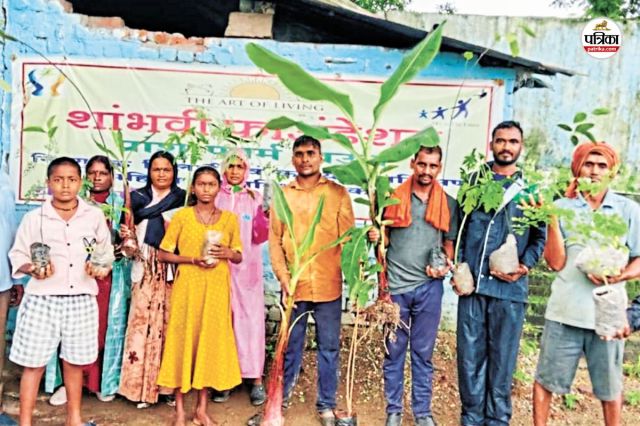 पौधरोपण के साथ पौधों का वितरण भी (फोटो सोर्स - पत्रिका)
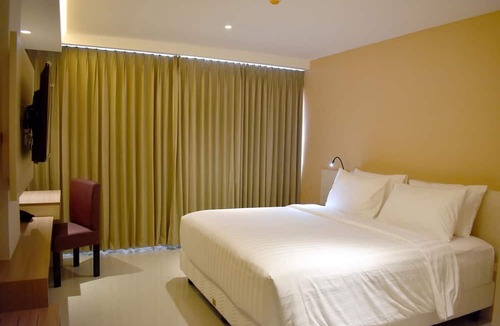 Tasikmalaya Hotel | Grand Metro Hotel Tasikmalaya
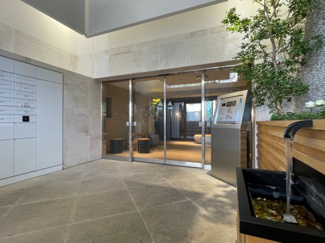 【エントランス】 | R.hours Sasazuka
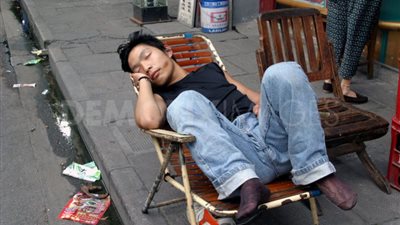 بالصور.. 30 لقطة تثبت أن الصيني قادر على النوم في أي مكان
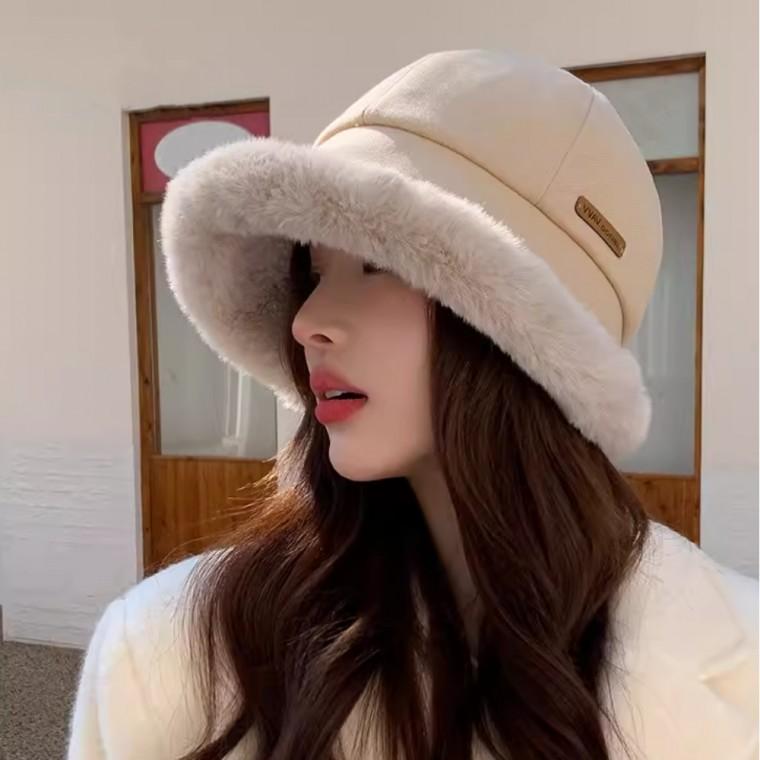 여성 벙거지 모자 털 버킷햇 겨울 패션 방한모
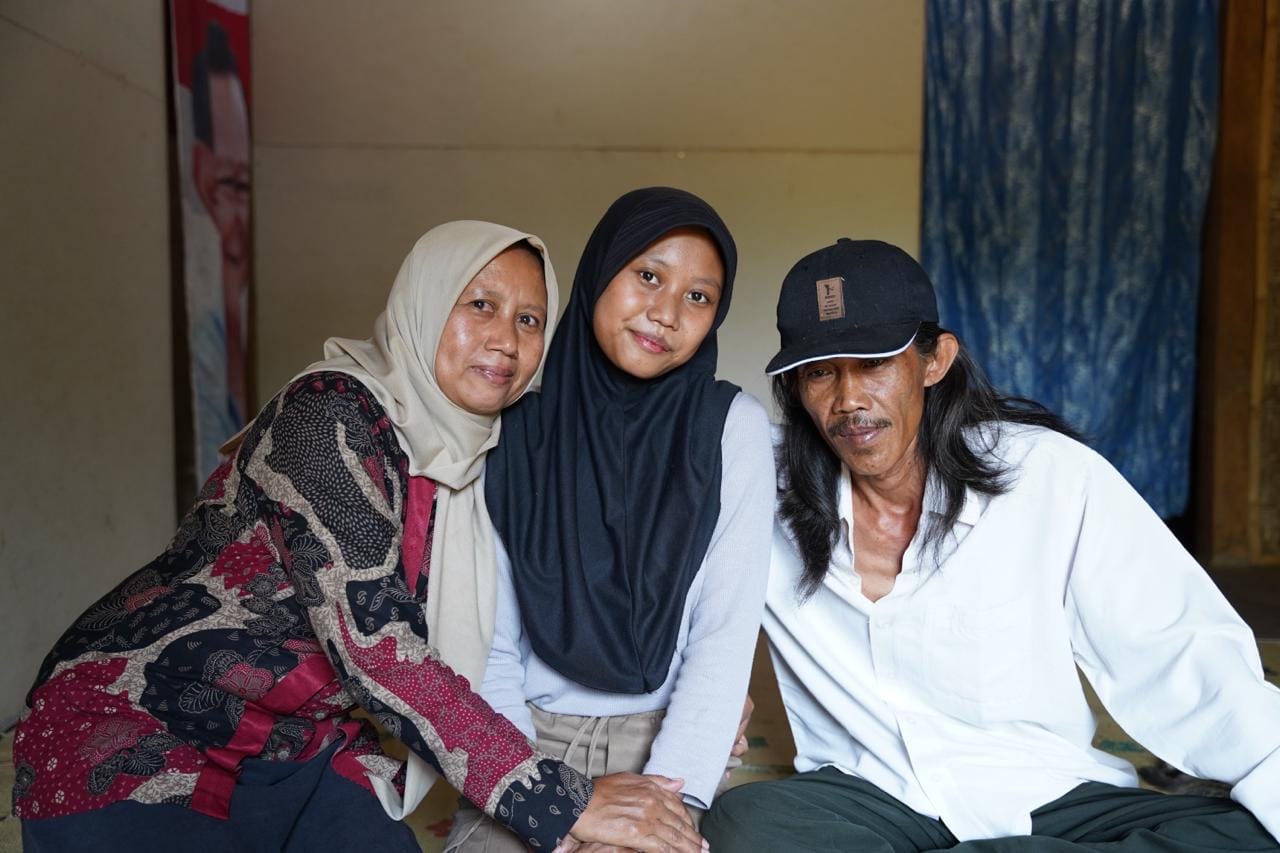 Kisah Fecia Laura: Anak Buruh Tani yang Buktikan Mimpi Kuliah di UGM Tak Butuh Biaya Mahal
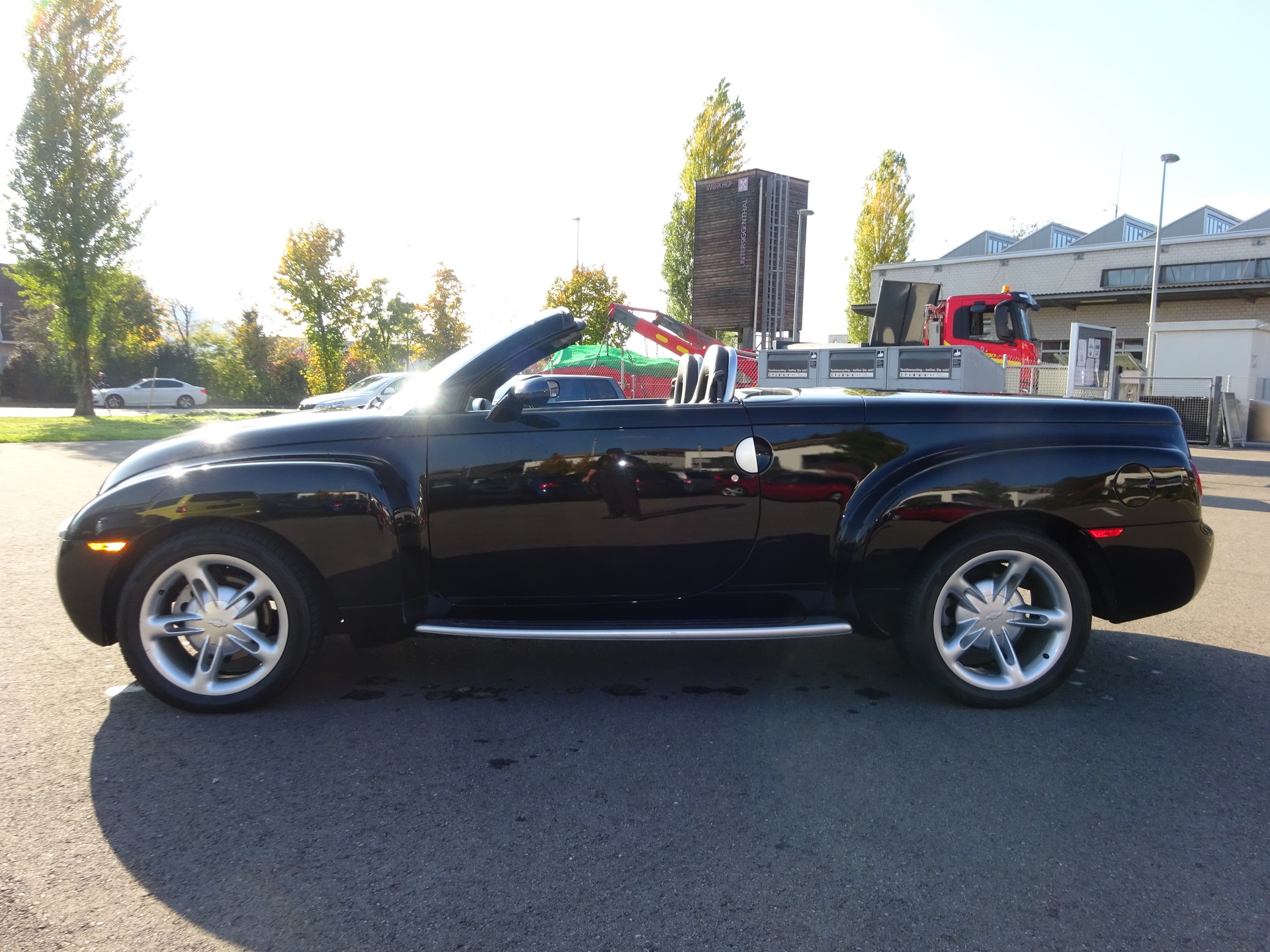 CHEVROLET SSR - 12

----------

= Work request =
What the answer needs is every line from the one containing "Kisah Fecia Laura: Anak" through the final line of the data above, copied exactly, without pictures.

= Solution below =
 Kisah Fecia Laura: Anak Buruh Tani yang Buktikan Mimpi Kuliah di UGM Tak Butuh Biaya Mahal
 CHEVROLET SSR - 12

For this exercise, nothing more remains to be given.